Ridley Scott told the American Film Institute in 2009 that, “because [Ripley] was female the idea that she would survive at the end was highly unlikely. She’d probably go out in some beautifully sexy way halfway through the movie.” Even future Aliens director James Cameron’s preconceptions about the character served to surprise him when he first saw the movie. “You didn’t really know she was the main character,” he said. “She was just kind of this bitch officer that you thought was gonna fall by the wayside as it went along, and you know, the guy was gonna be the main character. And they flip-flopped on that. I loved the unexpectedness of that.”

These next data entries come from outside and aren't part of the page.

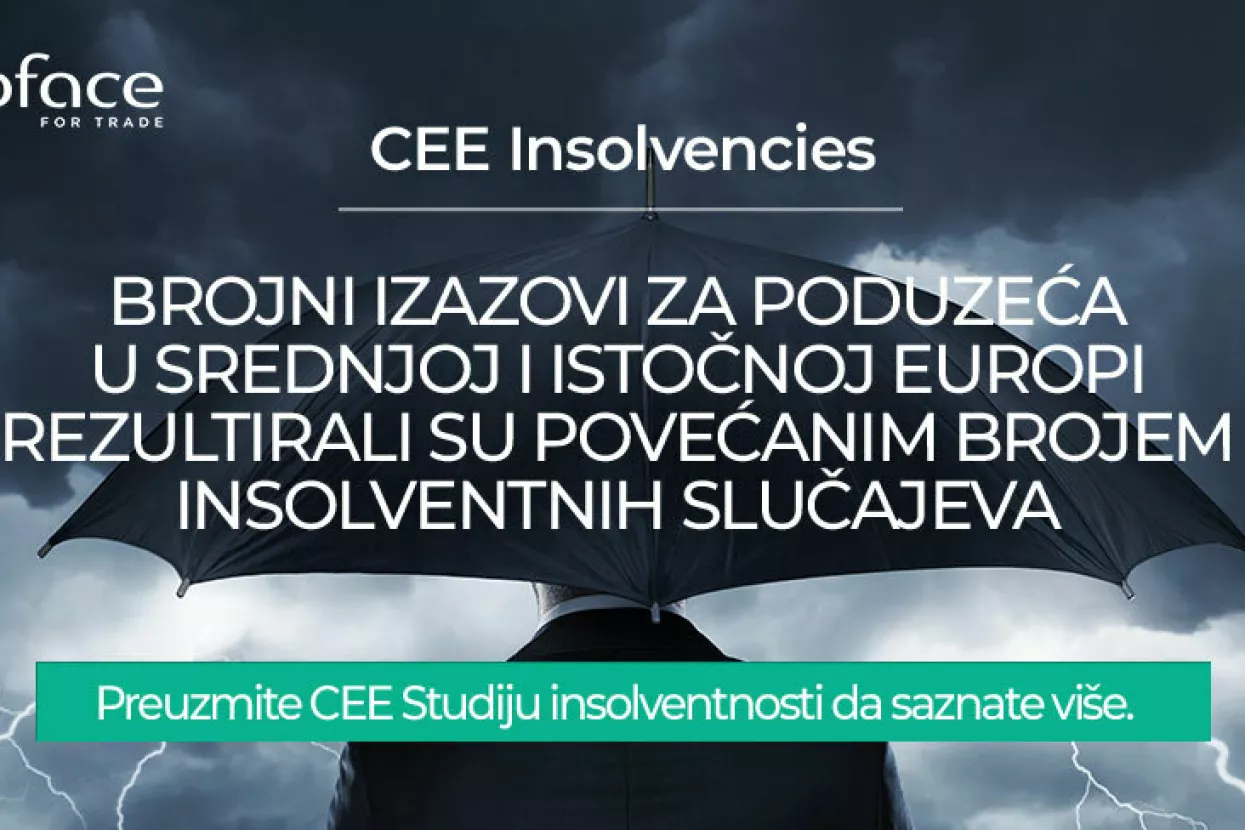 Coface insolvency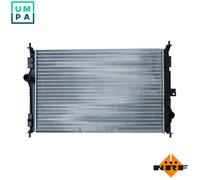 RADIATOR ENGINE COOLING 59302A FOR HNV B12XHT HNY HNX D12XHT/12XHL HMZ 1.2L 4cyl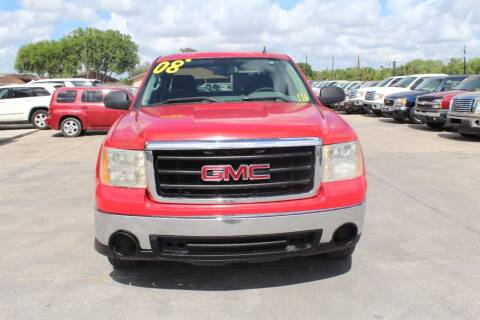 2008 GMC Sierra 1500 for sale at Brownsville Motor Company in Brownsville TX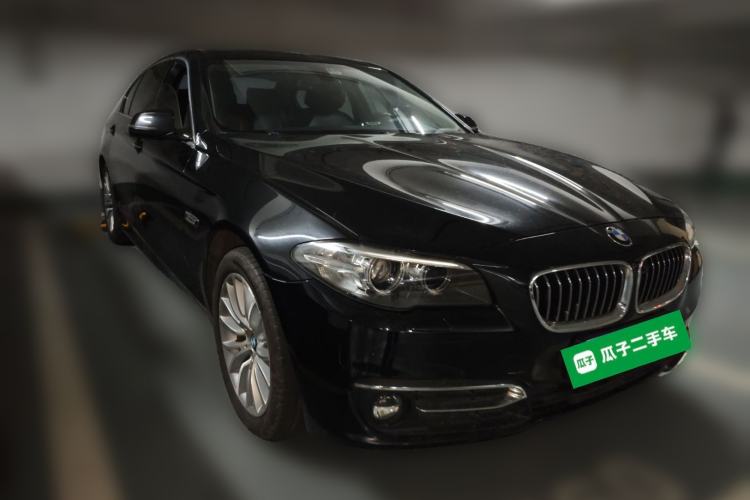 Used BMW 5 Series 2017 525Li Luxury Design Package
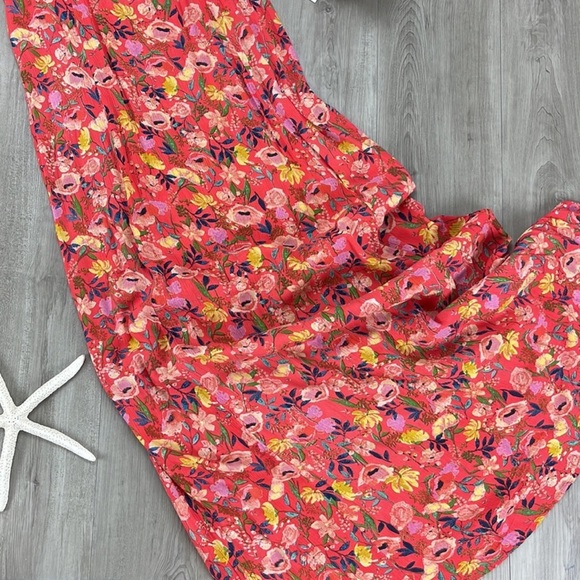 🔆RIP CURL🔆 MEADOW BROOK MAXI DRESS - Picture 5 of 11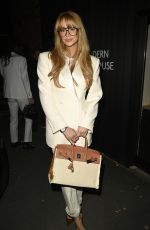 OLIVIA ATTWOOD Arrives at Dinner and Diamond Tasting Launch in Cheshire 10/10/2024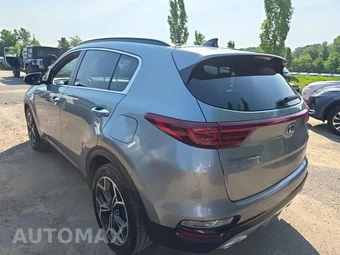 2021 Kia Sportage SX Turbo - miniatura 6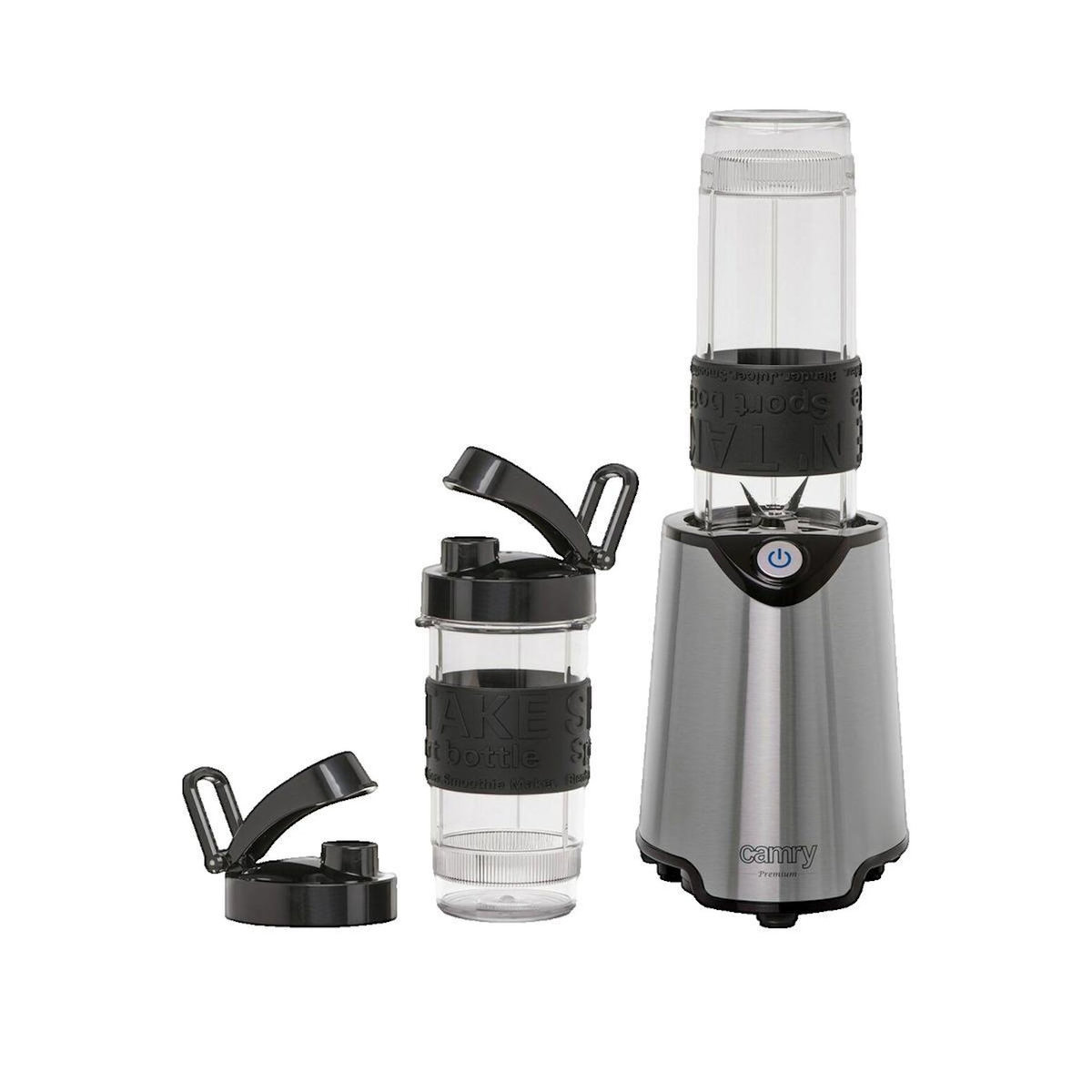 CAM Blender Camry CR 4069 inox 800W pour smoothies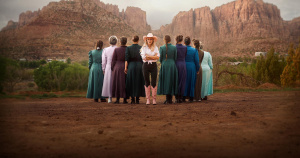 Snímek z dokumentu Trust Me The False Prophet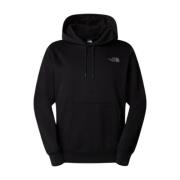 Stijlvolle Hoodies voor dagelijks gebruik The North Face , Black , Her...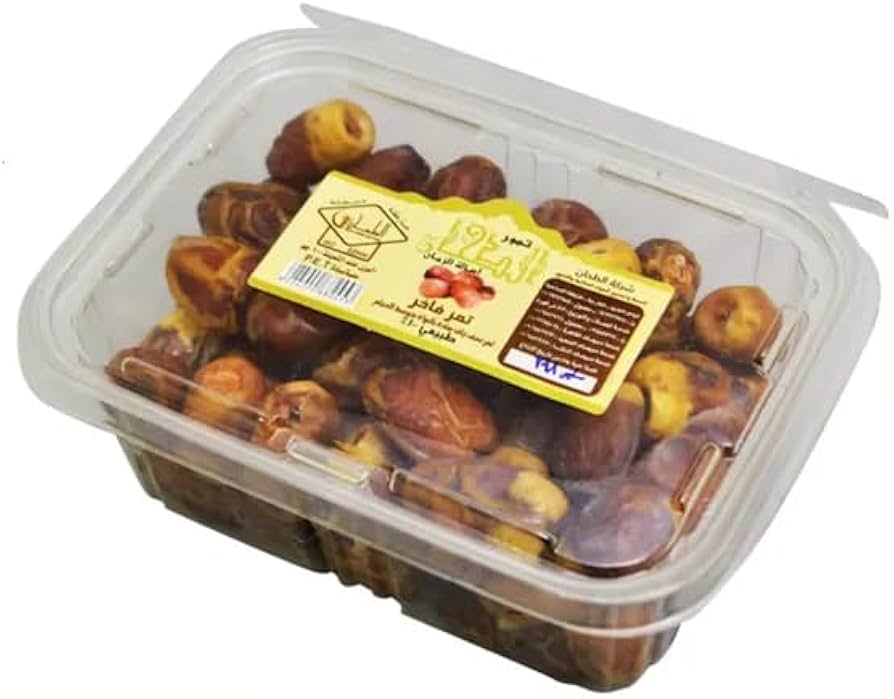 الطحان تمر فاخر 500 جرام Preview Image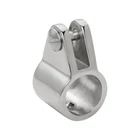 Whitecap Ind 6100C 7/8" - Top Slide With Bolt S.s. New. Price: $37.19.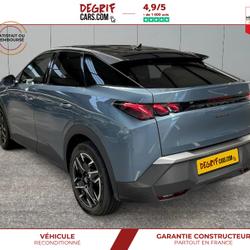 Peugeot 3008 Hybrid 145 e-DCS6 GT Betton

Looking back on her character in 2009, Weaver told AFI that, “I think what attracted me to Ellen Ripley was that she, first of all, was a character who was written as a man, so it was written in a very straightforward way. This was a kind of direct person who didn’t have these scenes where she was suddenly vulnerable and she didn’t throw her hands up and wait for someone else to save her. She was a thinking, moving, deciding creature. And I think that the other thing that interested me was that she went from someone who sort of believed the world was a certain way, to someone who couldn’t believe in anything any more, and went from someone who’s sort of a thinking person to someone who’s kind of an instinctive animal. So there was lots of progressions in the character that I just thought would be very interesting to play.”
When it seemed that Alien’s wardrobe unit were dressing Weaver up as too overtly feminine, Scott stepped in: “When they first dressed me up as Ripley it was in one of those pink and blue uniforms,” Weaver said in 2006. “Ridley Scott came in and said, ‘You look like fucking Jackie O’NASA.’ We went into this room where there were all these costumes from NASA and he tore it apart until we finally found this flight suit that was an actual flight suit. And that’s what I wore.”
“Weaver is not so sure about the feminism theory behind Alien. She thinks Ripley was a shrewd plot surprise created by studio executives at Fox whose noses were led by the box-office, not Girl Power. ‘I don’t think the producers were feminists. In the original script, they were all men. I think they thought, let’s change it up and make the survivor a woman because no one will ever think the survivor will be a woman.'”
~ The Independent, 2012.
“Certainly people who only know the Alien movies think of me as tough, but to me I’ve played only vulnerable women. Even Ripley. She’s a bare-bones kind of woman and she doesn’t fall apart, which people think is tough, but she only keeps it together because she has to. She’s alone.”
~ Sigourney Weaver, Total Film, 2006.
Ripley’s heroine star power was pushed into overdrive by James Cameron’s Aliens, and Weaver credited both Scott and Cameron for bringing the character to the forefront of the action hero pantheon. Speaking to The Independent in 2012, she said, “I certainly credit [Scott] in making Ripley an everyman character, not just a damsel in distress, but a character who is not giving up. Cameron was also a breath of fresh air. He is a champion of strong women who never thinks in terms of gender characteristics.”
Though Ripley resonated with audiences, the producers were at first disappointed that her gender did not lure more females into the cinema. Giler said in 2003 that “When we were looking at the numbers of the first Alien -the exit polls and all this kind of stuff that the studio gets- it’s… even though this was the first action hero heroine possibly ever -it’s the first one I know about- [we found] that women didn’t go to the movies. Women didn’t go to see it. And that the audience for the movie actually would have preferred that [Ripley] had been a man … If we’d done it [a sequel] right afterwards, we’d have probably done it with a man.”